本発明は、内外面に無電解ニッケル−リン層を形成した自動車用排気系熱交換器の製造方法に関する。
従来から、自動車用排気系熱交換器の内外面にはメッキ層が形成されており、このメッキ層によって腐食が防止されている。このような自動車用排気系熱交換器の中に、無電解ニッケル−リンを用いたメッキ層が形成されたものがあり、このメッキ層は、耐摩耗性に優れているとともに、複雑な形状の基材に対して均一な厚みで形成することができる(例えば、特許文献1参照)。

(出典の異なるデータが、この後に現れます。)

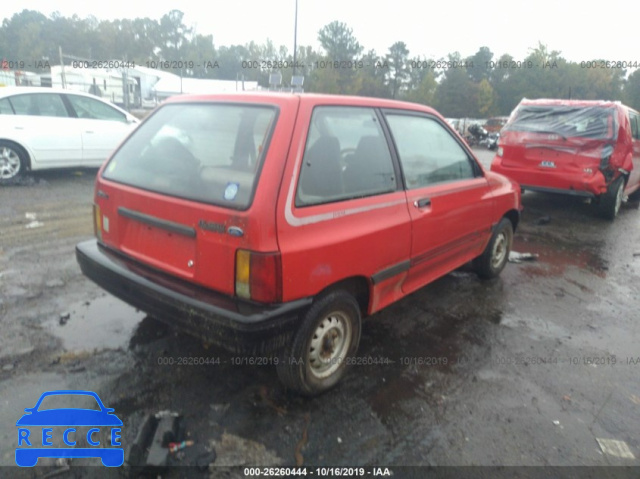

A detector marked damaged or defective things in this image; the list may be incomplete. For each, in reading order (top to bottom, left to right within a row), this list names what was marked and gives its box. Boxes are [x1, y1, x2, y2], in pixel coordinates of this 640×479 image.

この自動車用排気系熱交換器(高耐蝕性熱交換器)の製造においては、まず、ステンレス材からなる各部材の表面に無電解メッキにより、リン含有ニッケル合金皮膜を形成したのちに、これらの各部材を組み立てて、熱交換器組み立て体を形成している。つぎに、その熱交換器組み立て体を真空炉内で加熱し、リン含有ニッケル合金を各部材の表面から内部に拡散させて熱交換器組み立て体の表面にニッケル富裕化層を形成している。ついで、さらに真空炉の温度を上昇して、リン含有ニッケル合金皮膜を熔融させ、各部材の接触部間にリン含有ニッケル合金を保持させて熱交換器組み立て体を冷却することで、各部材をロウ付け固定している。このように、ステンレス材を用い、その表面にニッケル富裕化層を形成するとともに、各部材間をリン含有ニッケル合金でロウ付けすることにより、耐高温酸化性と耐蝕性を有する熱交換器が得られる。
特開2004−205059号公報
前述した熱交換器は、各部材がステンレス材で構成されているため高価になるという問題がある。また、ステンレス材の表面には安定した不働体皮膜が発生するため、ステンレス材の表面にメッキを施す場合は、不働体皮膜を除去して活性化し、メッキの密着をよくするためにストライクメッキなどの下地メッキが必要である。
本発明は、前述した問題に対処するためになされたもので、その目的は、安価な自動車用排気系熱交換器を簡単な処理で得ることができる自動車用排気系熱交換器の製造方法を提供することである。なお、下記本発明の各構成要件の記載においては、本発明の理解を容易にするために、実施形態の対応箇所の符号を括弧内に記載しているが、本発明の構成要件は、実施形態の符号によって示された対応箇所の構成に限定解釈されるべきものではない。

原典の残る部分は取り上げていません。